* [ASSIGNMENT]: Exactly the lines from the one containing "Foto langkah ke" through the one containing "2026 Ram 1500 Laramie Crew Cab 4x4 57 Box" in the listing below are to be copied, with the pictures left out.

* [TASK INPUTS]:
====

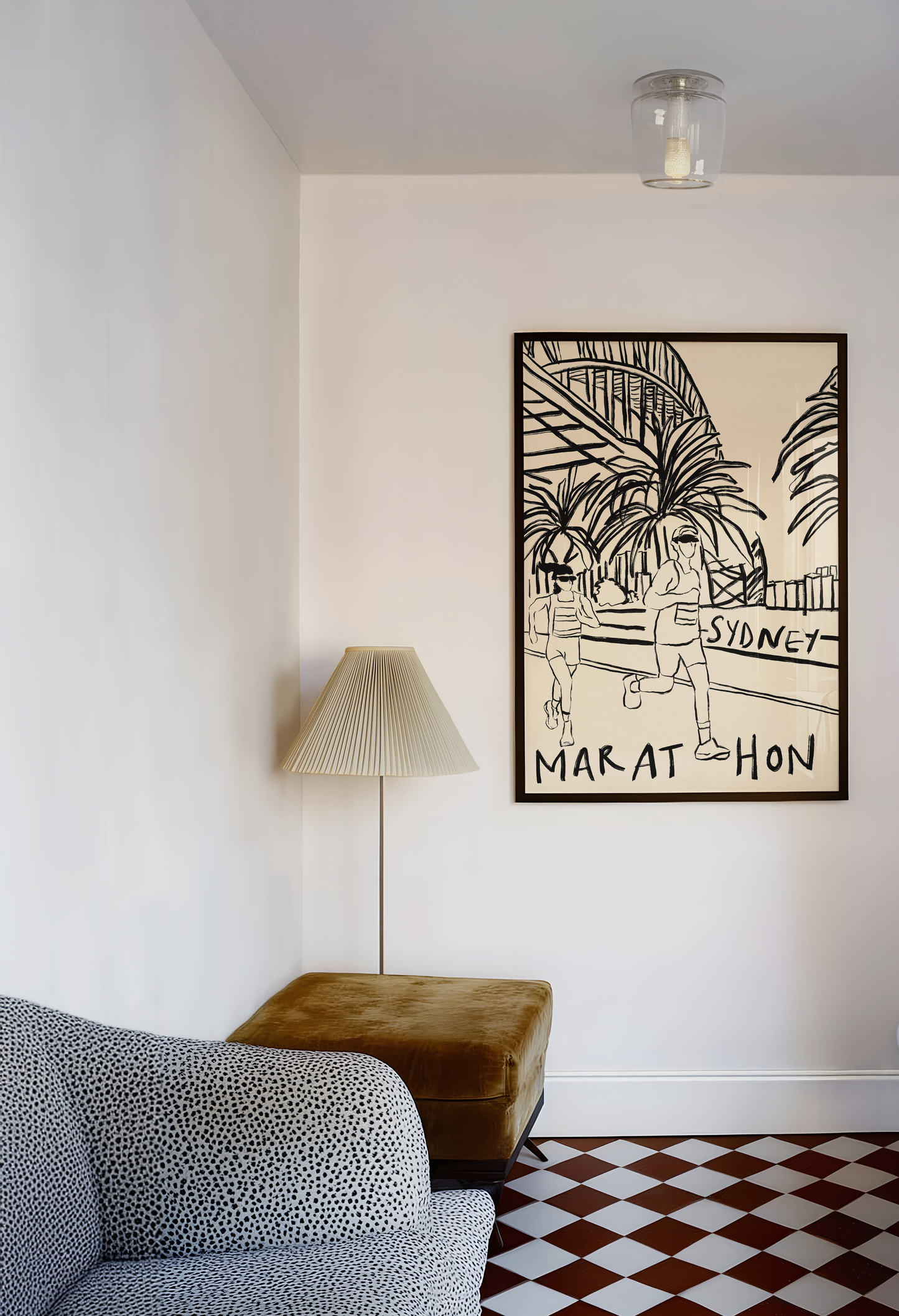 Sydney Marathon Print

====

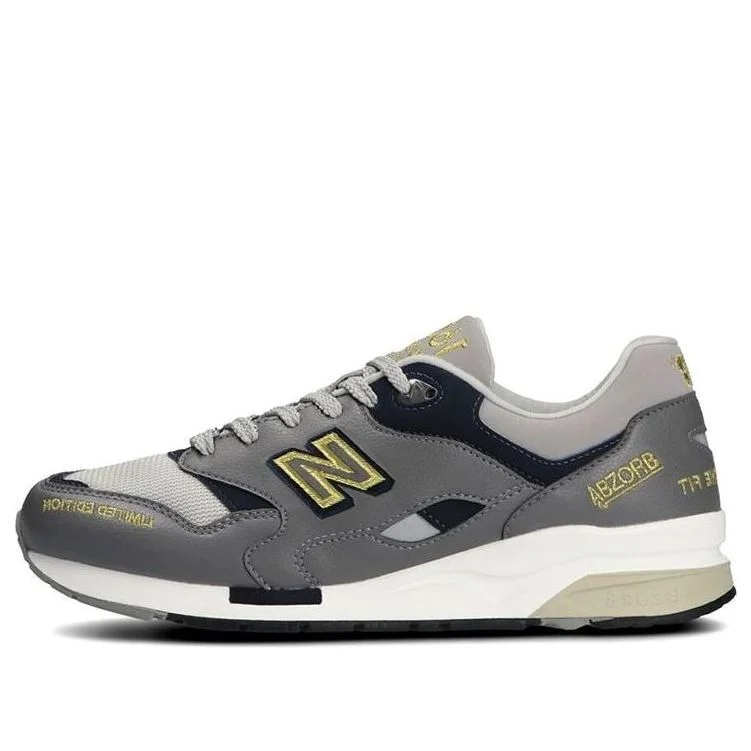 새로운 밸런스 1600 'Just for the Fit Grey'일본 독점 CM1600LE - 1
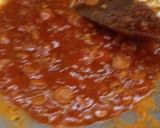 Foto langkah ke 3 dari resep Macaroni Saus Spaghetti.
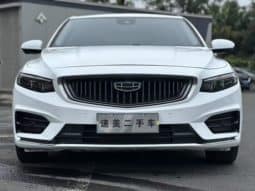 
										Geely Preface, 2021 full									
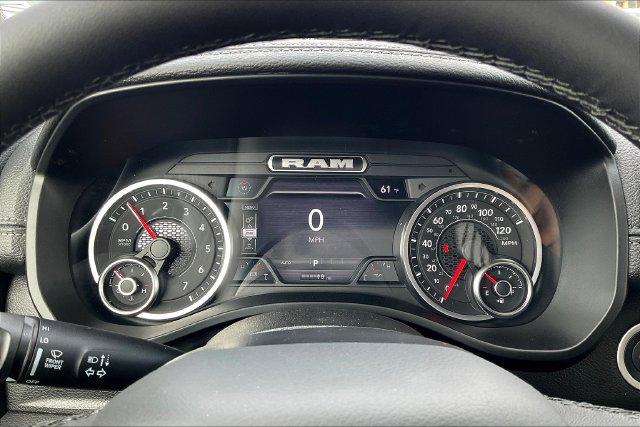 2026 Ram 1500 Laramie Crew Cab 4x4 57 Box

====

* [RESPONSE BELOW]:
 Foto langkah ke 3 dari resep Macaroni Saus Spaghetti.
										Geely Preface, 2021 full									
 2026 Ram 1500 Laramie Crew Cab 4x4 57 Box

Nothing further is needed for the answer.